2 Ws 215/15 OLG Naumburg
13 OWi 189/15 AG Dessau-Roßlau
493 Js 6755/15 StA Dessau-Roßlau

In der Bußgeldsache

hat der Senat für Bußgeldsachen des Oberlandesgerichts Naumburg

am 5. November 2015

durch den Vorsitzenden Richter am Oberlandesgericht

b e s c h l o s s e n :

Auf die Rechtsbeschwerde des Betroffenen wird das Urteil des Amtsgerichts Dessau-Roßlau vom 18. Juni 2015 mit den Feststellungen aufgehoben.

Die Sache wird zu neuer Verhandlung und Entscheidung, auch über die Kosten des Rechtsmittels, an das Amtsgericht Wittenberg – Abteilung für Bußgeldsachen – verwiesen.

Gründe:

I.

Das Amtsgericht hat gegen den Betroffenen wegen vorsätzlicher verbotswidriger Benutzung eines Mobiltelefons als Führer eines Kraftfahrzeugs, indem er dieses aufnahm und hielt, eine Geldbuße und ein Fahrverbot verhängt. Dagegen richtet sich die Rechtsbeschwerde des Betroffenen, mit der er die Verletzung sachlichen Rechts rügt und das Verfahren beanstandet.

Die Generalstaatsanwaltschaft beantragt, das angefochtene Urteil aufzuheben.

II.

Das Rechtsmittel dringt bereits mit der Verfahrensrüge durch, auf die Sachrüge kommt es daher nicht mehr an.

1. Das Amtsgericht hat in der Hauptverhandlung einen rechtlichen Hinweis dahingehend erteilt, dass auch die Verhängung eines Fahrverbots in Betracht kommt. Der Verteidiger hat daraufhin die Aussetzung des Verfahrens beantragt, diesem Antrag wurde nicht stattgegeben. Damit wurde die Verteidigung unzulässig beschränkt.

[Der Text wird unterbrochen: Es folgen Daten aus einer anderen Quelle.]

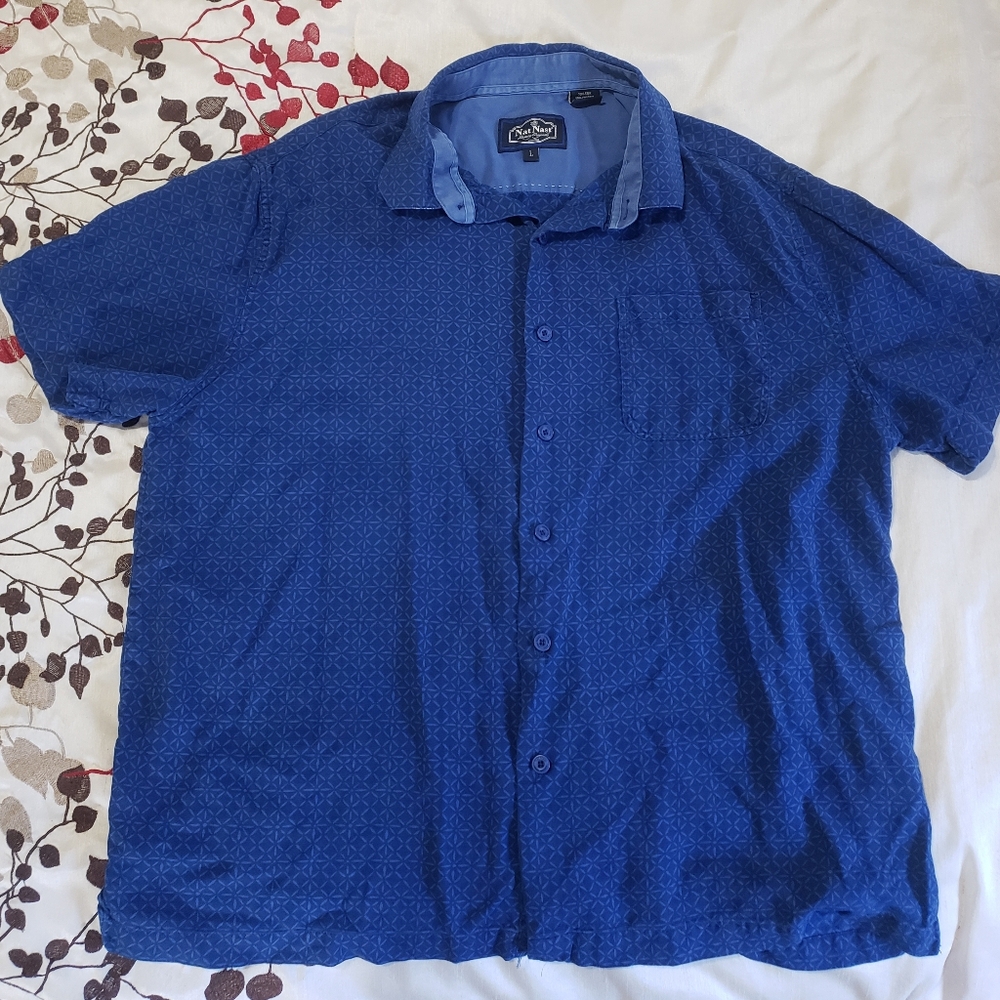 Nat Nast Men's Button-up Short Sleeve Shirt Size Large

Die Generalstaatsanwaltschaft hat insoweit in ihrer Zuschrift an den Senat vom 22. Oktober 2015 ausgeführt:

„Soweit die Rechtsbeschwerde einen Verstoß gegen § 46 Abs. 1 OWiG i. V. m. § 338 Nr. 8 StPO durch konkludente Ablehnung des gestellten Aussetzungsantrags nach Erteilung eines rechtlichen Hinweises in der Hauptverhandlung, dass auch ein Fahrverbot in Betracht komme, vorträgt, ist die Rüge in der gemäß § 79 Abs. 3 Satz 1 OWiG i. V. m. § 344 Abs. 2 Satz 2 StPO gebotenen Form erhoben, mithin zulässig.

Die Rüge ist auch begründet.

Grundsätzlich ist bei einem Abwesenheitsverfahren nach § 46 Abs. 1 i. V. m. § 265 Abs. 1, 2 StPO auf die Veränderung eines rechtlichen Gesichtspunktes hinzuweisen, wenn das Urteil von der rechtlichen Beurteilung der Tat im Bußgeldbescheid abweichen soll.

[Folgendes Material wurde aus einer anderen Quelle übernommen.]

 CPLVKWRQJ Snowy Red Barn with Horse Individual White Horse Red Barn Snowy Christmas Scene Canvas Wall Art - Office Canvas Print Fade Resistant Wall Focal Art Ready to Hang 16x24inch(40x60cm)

Gleiches gilt auch für ein Abweichen in der Sanktionsfolge. Bei Anwesenheit eines Verteidigers in der Hauptverhandlung ist es ausreichend, wenn ihm der Hinweis nach § 265 Abs. 1, 2 StPO gegeben wird, so der ausdrückliche Wortlaut des § 74 Abs. 1 Satz 3 OWiG. Für das Gericht besteht aber aus dem Gesichtspunkt des fairen Verfahrens die Verpflichtung, von Amts wegen oder auf Antrag des Verteidigers, wie hier gestellt, die Hauptverhandlung auszusetzen, wenn sie wegen der veränderten Sach- oder Rechtslage die sachgerechte Verteidigung eine Besprechung des Verteidigers mit dem Mandanten erfordert (KK-OWi/Senge, § 74 Rn. 16).

Dem Verteidiger war es im Hinblick auf den einschneidenden Hinweis des Gerichts, der mit erheblichen Folgen für den Betroffenen verbunden ist, nicht möglich, mit dem Betroffenen das weitere Vorgehen zu erörtern. Weiterhin war die Verteidigung gehindert Ausführungen zur Frage der Existenzgefährdung als selbständiger Immobilienkaufmann und die Berechtigung eines Fahrverbots im Hinblick auf die lange zurückliegenden Voreintragungen zu tätigen.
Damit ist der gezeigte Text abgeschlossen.